Education: has to take place in some language. Officially, English is the language of education but actually, teachers use Nagamese to explain things, for classroom interaction. Most children are fluent, so this is no problem. Naganese is therefore the language of explanation.
Religion: many Nagas are Christian (67% of population), so in mixed congregations, Nagamese is the language of worship. Also used in homes of mixed backgrounds, on the floor of the Legislature many use Nagamese, so do many state agencies; rural programs, agriculture, children's programs on AIR etc. Can also be written.
Nagamese developed under conditions atypical of pidginization/creolization, with no plantations, no conquests, no colonialism, no unequal power relationships. In structure, it is also much more complex than other kinds of European-based pidgins. It has not undergone decreolization, though it has coexisted with its lexical donor for 2 centuries. Was it ever stabilized as a pidgin? It does not have the characteristics of a pidgin, but are our criteria for defining these things perhaps based on Atlantic and Pacific based creoles/pidgins? Should be noted that all other Indian-based pidgins also have inflectional morphology (pidgins don't; and creoles usually don't), and retain the copula, traits that European-based pidgins always lack. So definitional problems here.
Nagamese is a contact-induced language with eighteen overlapping dialects, each associated with a group. Their lexica are same, but morpho-syntactically they differ. Sreedhar subcategorizes these into three dialects:
Nagamese is "reduced in structure" but not as much as many pidgins: it has two cases (Assamese has 6); it has two tenses, and three aspectual distinctions. Gender (which Assamese has) is lacking. Naga languages themselves are monosyllabic and non-inflectional. Is Nagamese therefore really a pidgin? Has it been arrived at by some process other than the cycle of pidginization/creolization/decreolization?
Calling Nagamese imperfectly-learned Assamese Bh. characterizes as linguistically naive. True, some Nagas have learned Assamese as a second language, both in the past and recently. But most of the time, Nagas avoid Assamese, and do not seem to wish to learn it. Nagmese is therefore something else. As factor arguing for pidgin origin is the contact language situation, which has always been multilingual in the area. Imperfect second-language learning occurs in simply bilingual contact situations, but this is not Nagaland situation. Dimapur has always been a multilingual area (Kacharis, Nagas, Angamis, Semas, Kabuis, Marwaris, other Indians.) A contact language was always needed, but none existed. As Whinnom says, this is conducive to Pidginization and creolization.
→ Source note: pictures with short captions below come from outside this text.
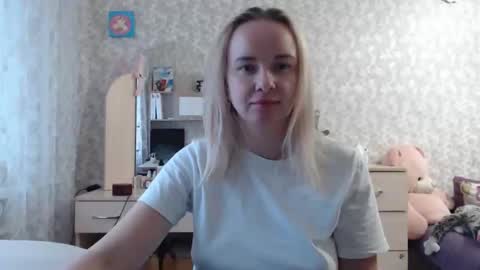 Snapshot of leggywily25 chatting on October 21, 10:31 am leggywily25 online show from October 21, 10:31 am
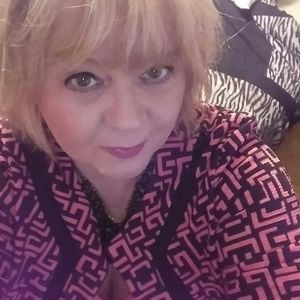 Meet your Posher, Pam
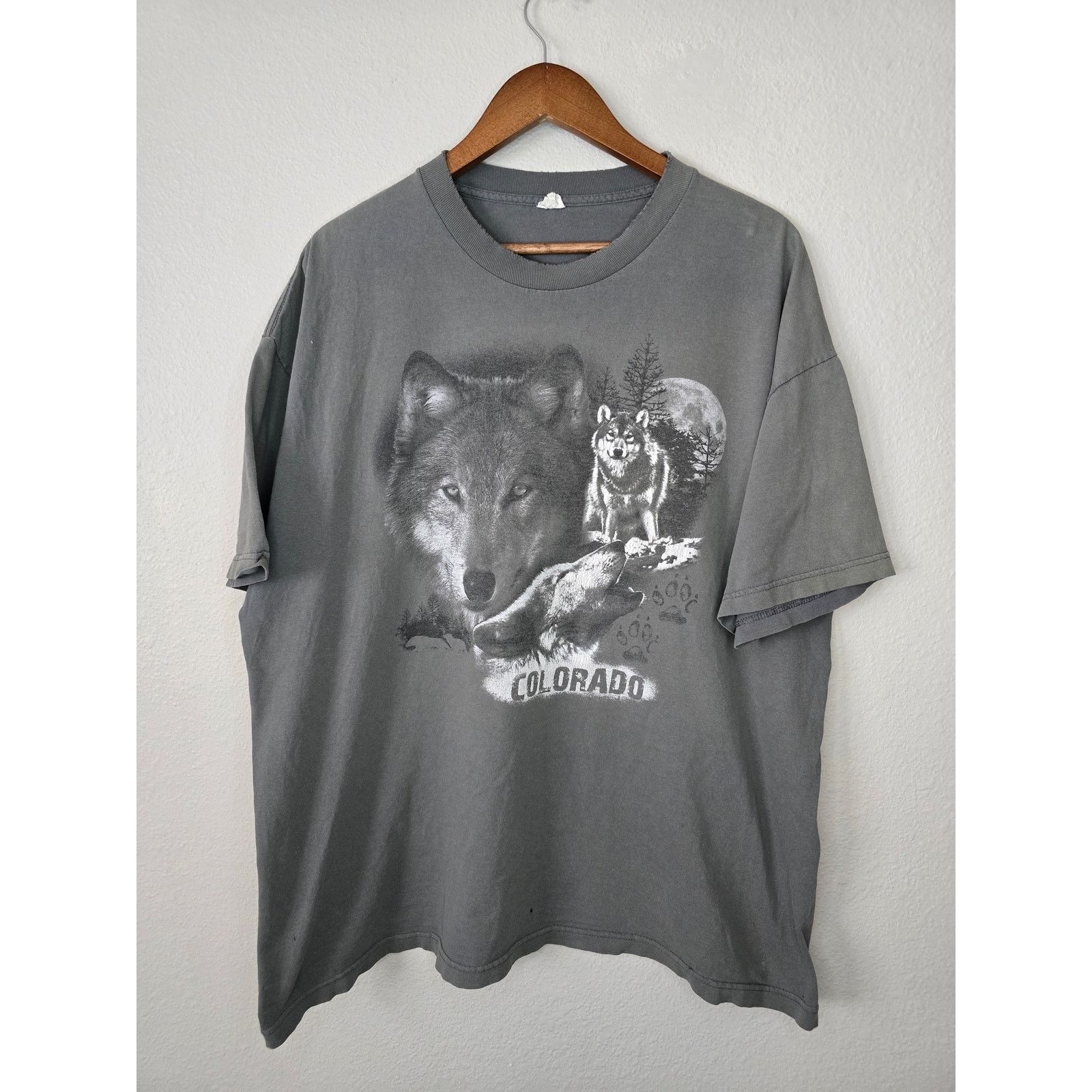Other Wolf Colorado Animal Short Sleeve Gray Distressed XL Tee Size US XL / EU 56 / 4 - 1 Thumbnail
If the N's were really learning A, varietal differences in N would not have arisen. Such variations as tense and aspect, are marked morphologically in some dialects but not in others. Though the lexicon of Nagamese is almost all from Assamese, the microphonetics is mostly from Naga and adstratal languages. And there are other features not found in any of the contact languages of the area! Not surprising that people consider this to be so; most creoles/pidgins are European-based, so the idea of an Assamese donor language and Naga substrate is strange to some.
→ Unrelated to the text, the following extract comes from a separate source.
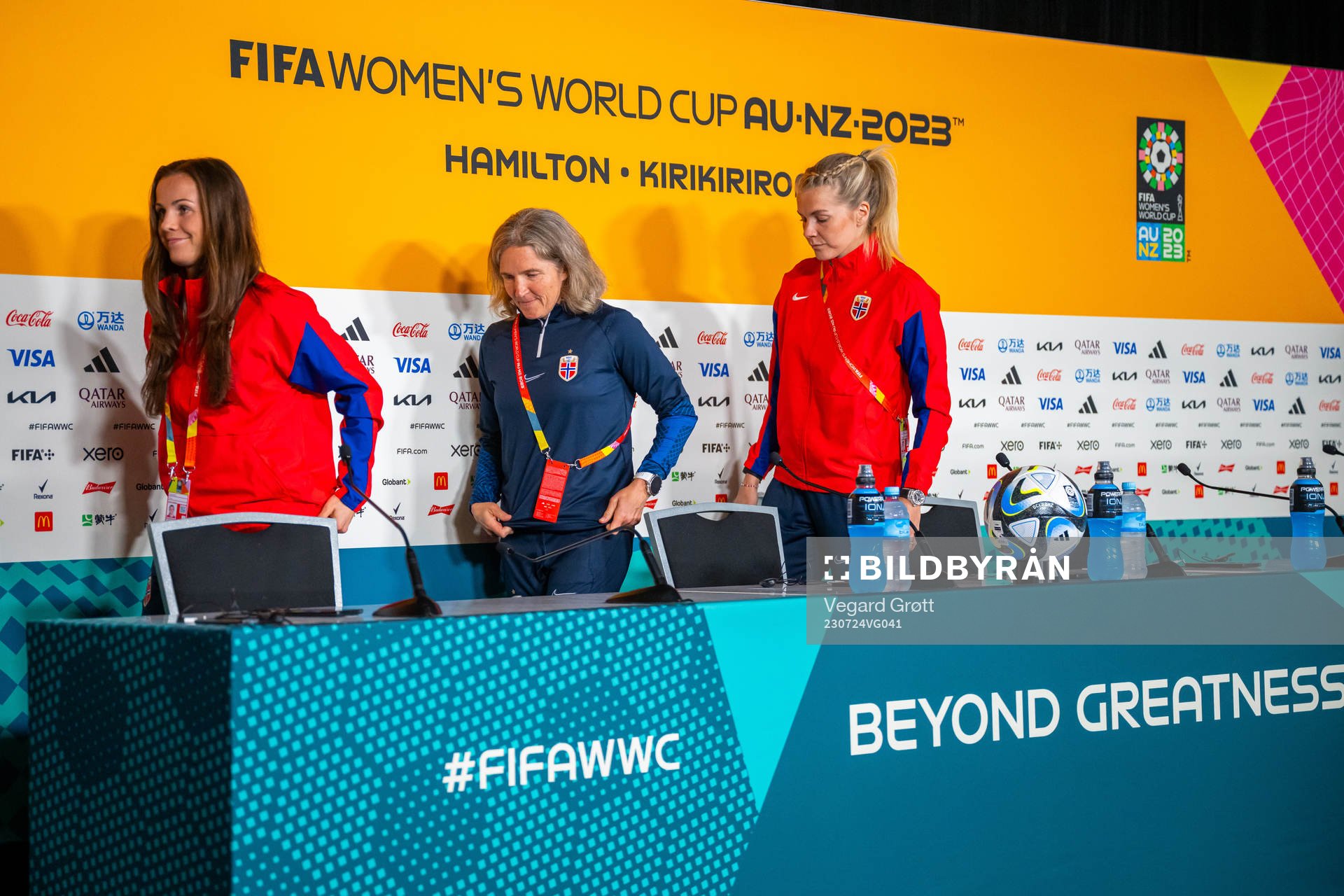 Tuva Hansen, head coach Hege Riise and Ada Hegerberg of the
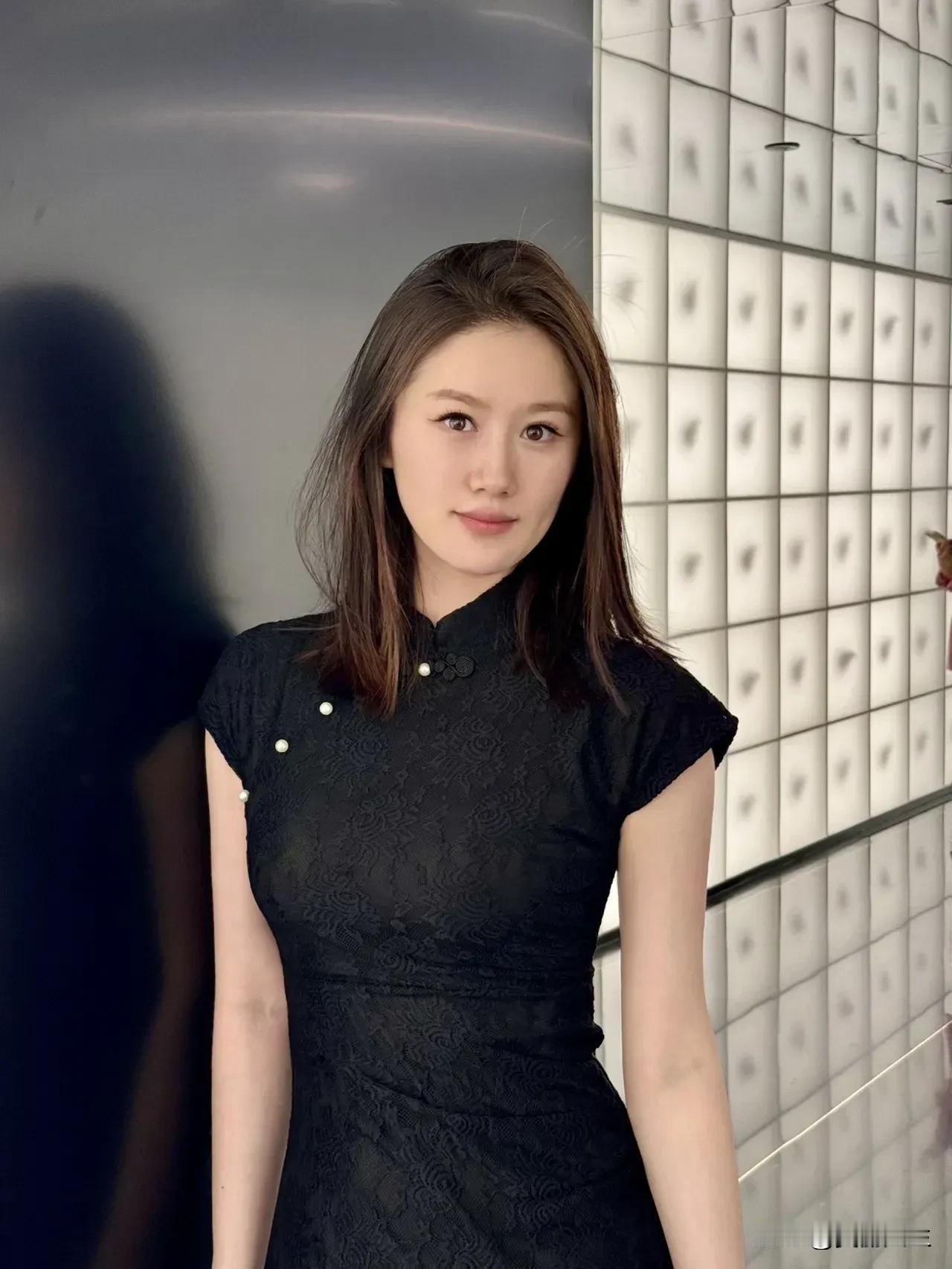 古木参天碧水潺，秋来池影照人闲～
Decreolization also does not seem to have taken place; most creoles/pidgins over time move toward their donor base, and decreolize; but N has not done this very much, because of resistance. But more similarities may develop.
The idea that Bengali may also have been involved is derived from the fact that Nagamese, Bengali, and Assamese all share striking similarities, especially morpheme-to-morpheme syntax. (See examples p. 39) And most of the lexical items come from Assamese or Bengali. But most local Naga languages also show this same syntactic structure. (Examples p. 39-40). Much similarity is predictable. Some Bengali dialects were cut off from Bengali and the territory was in Assam off and on, e.g. Sylhet, and Assamese have also always gone to Bengal for education etc. These could just be Sprachbund features. But the same objections to having Nagamese as imperfectly learned Bengali are those adduced for objecting to Nagamese as imperfectly learned Assamese. One other is that donor lexicon has different meanings than in Nagamese. Also, Nagaland is much further from Bengal than from Assam.
Bh. prefers the 2nd scenario: it allows for slower development of the creole, and it accords with the socio-cultural history of the Kacharis.